--- WHAT IS BEING ASKED ---
Each line below from the one containing "KONG Pull-A-Partz Pals" through the one containing "KSEB ഓഫീസ് ആക്രമിച്ചവരുടെ" is to be given again exactly, and no line outside that span.

--- MATERIAL TO PROCESS ---
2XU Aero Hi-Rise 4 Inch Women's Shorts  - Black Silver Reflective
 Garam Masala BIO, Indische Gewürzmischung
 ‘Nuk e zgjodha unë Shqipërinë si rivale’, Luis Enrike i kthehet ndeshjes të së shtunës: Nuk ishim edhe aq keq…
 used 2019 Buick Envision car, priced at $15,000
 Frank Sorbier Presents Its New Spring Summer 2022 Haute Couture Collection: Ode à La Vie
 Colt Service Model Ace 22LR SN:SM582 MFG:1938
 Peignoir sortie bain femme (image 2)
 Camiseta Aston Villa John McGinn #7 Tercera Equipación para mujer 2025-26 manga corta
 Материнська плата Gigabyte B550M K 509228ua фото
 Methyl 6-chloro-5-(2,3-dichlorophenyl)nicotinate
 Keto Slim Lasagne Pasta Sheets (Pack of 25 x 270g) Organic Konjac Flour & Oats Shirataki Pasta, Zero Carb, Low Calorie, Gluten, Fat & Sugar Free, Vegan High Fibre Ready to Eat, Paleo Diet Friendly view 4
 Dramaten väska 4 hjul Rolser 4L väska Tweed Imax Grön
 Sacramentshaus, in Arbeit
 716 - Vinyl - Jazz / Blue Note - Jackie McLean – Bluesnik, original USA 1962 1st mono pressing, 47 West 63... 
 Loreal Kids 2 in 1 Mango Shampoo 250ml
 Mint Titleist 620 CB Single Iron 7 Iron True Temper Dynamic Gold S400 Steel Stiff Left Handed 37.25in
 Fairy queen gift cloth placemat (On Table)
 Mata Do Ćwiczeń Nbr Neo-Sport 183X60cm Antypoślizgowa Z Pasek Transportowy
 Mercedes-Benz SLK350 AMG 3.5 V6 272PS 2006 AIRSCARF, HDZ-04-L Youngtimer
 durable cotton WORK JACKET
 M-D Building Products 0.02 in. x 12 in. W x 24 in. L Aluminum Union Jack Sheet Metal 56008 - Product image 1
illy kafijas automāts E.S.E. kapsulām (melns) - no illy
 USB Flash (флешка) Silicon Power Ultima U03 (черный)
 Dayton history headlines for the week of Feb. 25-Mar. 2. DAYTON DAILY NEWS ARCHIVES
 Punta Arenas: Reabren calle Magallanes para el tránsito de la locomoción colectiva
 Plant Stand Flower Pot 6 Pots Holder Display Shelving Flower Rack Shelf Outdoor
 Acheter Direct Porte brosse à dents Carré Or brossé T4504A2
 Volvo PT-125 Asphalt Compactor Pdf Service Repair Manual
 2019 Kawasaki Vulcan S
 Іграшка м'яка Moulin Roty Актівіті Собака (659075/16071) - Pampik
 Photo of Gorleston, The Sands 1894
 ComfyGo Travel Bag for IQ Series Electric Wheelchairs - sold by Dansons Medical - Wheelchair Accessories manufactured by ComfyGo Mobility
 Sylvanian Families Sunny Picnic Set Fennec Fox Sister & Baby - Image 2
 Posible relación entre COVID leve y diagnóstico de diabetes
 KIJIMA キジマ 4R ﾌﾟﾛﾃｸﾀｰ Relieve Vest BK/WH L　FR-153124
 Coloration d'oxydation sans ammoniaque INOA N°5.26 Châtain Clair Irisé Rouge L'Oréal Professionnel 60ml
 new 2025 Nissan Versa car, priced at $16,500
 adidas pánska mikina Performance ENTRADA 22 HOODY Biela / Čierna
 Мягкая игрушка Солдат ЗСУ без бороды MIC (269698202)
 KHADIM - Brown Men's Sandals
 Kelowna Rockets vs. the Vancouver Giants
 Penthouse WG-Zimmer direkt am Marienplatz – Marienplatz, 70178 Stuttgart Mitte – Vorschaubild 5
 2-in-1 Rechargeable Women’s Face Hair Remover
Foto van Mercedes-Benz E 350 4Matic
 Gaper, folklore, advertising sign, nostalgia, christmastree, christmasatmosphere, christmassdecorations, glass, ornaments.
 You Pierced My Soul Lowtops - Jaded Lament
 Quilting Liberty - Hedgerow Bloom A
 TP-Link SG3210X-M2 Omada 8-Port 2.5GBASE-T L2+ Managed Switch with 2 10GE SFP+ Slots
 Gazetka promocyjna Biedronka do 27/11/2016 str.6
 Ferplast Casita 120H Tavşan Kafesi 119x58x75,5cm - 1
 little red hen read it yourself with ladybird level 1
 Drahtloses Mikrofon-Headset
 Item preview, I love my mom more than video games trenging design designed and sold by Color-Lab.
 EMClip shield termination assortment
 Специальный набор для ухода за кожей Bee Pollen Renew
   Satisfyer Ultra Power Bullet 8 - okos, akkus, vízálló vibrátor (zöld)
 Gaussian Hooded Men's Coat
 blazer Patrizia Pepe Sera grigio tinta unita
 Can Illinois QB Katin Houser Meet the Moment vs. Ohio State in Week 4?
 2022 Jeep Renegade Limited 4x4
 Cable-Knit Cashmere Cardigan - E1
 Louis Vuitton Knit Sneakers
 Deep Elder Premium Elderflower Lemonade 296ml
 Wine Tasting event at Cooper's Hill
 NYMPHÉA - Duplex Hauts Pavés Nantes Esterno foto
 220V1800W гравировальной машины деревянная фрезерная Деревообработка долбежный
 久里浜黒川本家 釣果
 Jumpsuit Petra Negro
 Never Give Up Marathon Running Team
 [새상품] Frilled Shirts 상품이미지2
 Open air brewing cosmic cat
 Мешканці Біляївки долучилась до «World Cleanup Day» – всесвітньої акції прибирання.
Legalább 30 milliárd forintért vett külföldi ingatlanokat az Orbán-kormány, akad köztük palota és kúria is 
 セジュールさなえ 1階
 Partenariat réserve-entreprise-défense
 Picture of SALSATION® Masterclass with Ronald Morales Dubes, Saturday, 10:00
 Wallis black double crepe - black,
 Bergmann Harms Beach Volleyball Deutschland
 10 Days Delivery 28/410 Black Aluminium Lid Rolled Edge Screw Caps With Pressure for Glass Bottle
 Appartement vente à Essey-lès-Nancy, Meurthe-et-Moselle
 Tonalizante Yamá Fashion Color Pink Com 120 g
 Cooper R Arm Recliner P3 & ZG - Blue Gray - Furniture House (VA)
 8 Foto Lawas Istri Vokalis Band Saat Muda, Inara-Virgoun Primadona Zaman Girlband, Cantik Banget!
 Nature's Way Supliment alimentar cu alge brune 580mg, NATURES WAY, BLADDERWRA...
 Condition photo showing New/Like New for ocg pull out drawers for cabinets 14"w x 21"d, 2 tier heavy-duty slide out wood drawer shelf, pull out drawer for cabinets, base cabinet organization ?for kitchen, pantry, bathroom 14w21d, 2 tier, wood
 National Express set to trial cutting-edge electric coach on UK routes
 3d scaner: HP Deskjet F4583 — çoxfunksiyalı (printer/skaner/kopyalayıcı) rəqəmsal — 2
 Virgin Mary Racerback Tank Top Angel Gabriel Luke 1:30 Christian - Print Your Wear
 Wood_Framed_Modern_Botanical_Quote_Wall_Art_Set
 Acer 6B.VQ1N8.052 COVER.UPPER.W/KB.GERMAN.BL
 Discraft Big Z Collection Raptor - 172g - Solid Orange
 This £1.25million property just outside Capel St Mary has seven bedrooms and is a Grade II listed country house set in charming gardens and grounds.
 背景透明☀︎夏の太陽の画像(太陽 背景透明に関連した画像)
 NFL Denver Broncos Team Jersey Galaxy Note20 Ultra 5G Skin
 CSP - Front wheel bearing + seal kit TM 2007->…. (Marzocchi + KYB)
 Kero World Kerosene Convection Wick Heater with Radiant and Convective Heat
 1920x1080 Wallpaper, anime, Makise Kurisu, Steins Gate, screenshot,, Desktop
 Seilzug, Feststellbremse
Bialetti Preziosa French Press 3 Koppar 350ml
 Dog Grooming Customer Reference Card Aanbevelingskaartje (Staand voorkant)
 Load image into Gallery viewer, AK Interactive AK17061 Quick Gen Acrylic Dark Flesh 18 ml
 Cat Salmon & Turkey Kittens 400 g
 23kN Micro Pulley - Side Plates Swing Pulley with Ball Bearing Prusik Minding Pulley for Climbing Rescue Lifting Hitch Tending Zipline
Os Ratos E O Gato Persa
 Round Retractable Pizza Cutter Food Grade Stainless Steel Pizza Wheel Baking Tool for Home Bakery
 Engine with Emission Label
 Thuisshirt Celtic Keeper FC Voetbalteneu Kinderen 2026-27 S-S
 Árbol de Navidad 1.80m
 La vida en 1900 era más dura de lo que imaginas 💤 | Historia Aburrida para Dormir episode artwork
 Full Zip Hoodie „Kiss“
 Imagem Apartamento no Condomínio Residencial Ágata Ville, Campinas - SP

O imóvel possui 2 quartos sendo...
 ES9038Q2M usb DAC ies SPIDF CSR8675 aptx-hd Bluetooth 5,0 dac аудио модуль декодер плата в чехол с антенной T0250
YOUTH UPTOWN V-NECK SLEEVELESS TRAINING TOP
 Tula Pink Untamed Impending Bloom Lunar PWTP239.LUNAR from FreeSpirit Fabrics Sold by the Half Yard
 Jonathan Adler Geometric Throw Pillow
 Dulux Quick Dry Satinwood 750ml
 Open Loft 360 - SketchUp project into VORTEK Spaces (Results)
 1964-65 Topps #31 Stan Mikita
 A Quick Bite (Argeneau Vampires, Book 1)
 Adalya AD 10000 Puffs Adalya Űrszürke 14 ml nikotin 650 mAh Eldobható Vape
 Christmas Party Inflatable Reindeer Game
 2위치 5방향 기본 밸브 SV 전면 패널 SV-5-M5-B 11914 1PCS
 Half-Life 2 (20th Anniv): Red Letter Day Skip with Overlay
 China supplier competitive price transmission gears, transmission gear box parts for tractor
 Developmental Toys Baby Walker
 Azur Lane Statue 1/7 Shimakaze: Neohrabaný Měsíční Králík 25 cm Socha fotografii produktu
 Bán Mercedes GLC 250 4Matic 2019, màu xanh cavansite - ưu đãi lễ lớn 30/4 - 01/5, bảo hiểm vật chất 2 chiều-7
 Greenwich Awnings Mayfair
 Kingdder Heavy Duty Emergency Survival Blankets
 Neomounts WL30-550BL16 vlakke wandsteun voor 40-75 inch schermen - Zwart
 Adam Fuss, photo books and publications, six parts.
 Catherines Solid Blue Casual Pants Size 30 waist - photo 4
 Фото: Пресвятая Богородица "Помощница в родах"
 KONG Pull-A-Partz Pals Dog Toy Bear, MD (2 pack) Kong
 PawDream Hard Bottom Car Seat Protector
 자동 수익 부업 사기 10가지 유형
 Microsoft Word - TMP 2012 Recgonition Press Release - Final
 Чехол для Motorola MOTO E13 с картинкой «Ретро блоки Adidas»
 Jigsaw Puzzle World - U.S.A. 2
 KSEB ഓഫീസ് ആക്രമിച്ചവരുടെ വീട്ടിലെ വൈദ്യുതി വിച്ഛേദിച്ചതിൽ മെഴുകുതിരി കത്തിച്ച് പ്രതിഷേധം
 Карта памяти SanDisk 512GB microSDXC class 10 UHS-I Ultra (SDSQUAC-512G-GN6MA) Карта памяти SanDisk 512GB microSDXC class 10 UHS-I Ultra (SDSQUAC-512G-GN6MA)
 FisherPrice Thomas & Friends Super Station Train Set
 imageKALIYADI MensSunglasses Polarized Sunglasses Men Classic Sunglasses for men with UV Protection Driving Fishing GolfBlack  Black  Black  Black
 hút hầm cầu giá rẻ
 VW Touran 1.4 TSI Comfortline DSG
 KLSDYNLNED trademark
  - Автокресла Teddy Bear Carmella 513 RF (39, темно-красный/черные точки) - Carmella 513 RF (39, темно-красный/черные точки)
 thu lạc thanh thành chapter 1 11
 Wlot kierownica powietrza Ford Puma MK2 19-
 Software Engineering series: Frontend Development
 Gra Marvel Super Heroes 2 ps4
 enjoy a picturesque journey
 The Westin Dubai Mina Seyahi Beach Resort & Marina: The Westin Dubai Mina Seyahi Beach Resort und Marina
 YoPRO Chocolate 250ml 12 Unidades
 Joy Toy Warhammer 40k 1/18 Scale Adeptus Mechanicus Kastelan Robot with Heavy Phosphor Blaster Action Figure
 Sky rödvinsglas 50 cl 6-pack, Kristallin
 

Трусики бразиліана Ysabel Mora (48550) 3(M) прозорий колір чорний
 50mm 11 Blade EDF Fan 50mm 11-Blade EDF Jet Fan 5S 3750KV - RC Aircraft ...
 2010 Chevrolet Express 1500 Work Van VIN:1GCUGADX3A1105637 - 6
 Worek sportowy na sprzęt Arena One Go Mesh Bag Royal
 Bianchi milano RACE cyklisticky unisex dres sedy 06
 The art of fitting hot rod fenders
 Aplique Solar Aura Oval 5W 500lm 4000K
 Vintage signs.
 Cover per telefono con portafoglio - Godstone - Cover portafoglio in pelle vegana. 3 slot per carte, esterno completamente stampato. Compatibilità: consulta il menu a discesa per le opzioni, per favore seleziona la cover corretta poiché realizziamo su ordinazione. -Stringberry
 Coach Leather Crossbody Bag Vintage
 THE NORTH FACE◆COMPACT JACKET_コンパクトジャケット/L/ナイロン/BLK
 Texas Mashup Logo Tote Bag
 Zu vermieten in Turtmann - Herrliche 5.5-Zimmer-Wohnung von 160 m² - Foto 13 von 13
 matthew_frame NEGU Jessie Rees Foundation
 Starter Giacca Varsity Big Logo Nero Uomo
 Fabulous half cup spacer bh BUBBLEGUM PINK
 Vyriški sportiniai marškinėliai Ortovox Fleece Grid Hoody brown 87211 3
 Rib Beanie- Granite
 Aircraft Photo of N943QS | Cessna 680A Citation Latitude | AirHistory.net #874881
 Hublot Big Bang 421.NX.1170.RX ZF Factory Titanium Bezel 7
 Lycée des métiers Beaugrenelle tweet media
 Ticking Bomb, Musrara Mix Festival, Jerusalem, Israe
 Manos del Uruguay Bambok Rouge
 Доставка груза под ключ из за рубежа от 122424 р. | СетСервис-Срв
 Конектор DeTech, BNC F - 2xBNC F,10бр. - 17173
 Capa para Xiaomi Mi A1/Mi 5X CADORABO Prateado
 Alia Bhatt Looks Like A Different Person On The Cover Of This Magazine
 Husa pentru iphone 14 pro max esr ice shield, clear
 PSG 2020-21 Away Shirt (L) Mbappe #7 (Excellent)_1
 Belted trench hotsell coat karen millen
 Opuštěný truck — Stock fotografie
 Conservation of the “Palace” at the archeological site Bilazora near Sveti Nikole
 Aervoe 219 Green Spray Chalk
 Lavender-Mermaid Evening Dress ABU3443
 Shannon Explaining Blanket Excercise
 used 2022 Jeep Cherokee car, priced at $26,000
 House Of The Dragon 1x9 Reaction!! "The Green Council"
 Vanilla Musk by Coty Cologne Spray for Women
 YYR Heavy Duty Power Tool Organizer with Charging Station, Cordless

--- WRITTEN RESPONSE ---
 KONG Pull-A-Partz Pals Dog Toy Bear, MD (2 pack) Kong
 PawDream Hard Bottom Car Seat Protector
 자동 수익 부업 사기 10가지 유형
 Microsoft Word - TMP 2012 Recgonition Press Release - Final
 Чехол для Motorola MOTO E13 с картинкой «Ретро блоки Adidas»
 Jigsaw Puzzle World - U.S.A. 2
 KSEB ഓഫീസ് ആക്രമിച്ചവരുടെ വീട്ടിലെ വൈദ്യുതി വിച്ഛേദിച്ചതിൽ മെഴുകുതിരി കത്തിച്ച് പ്രതിഷേധം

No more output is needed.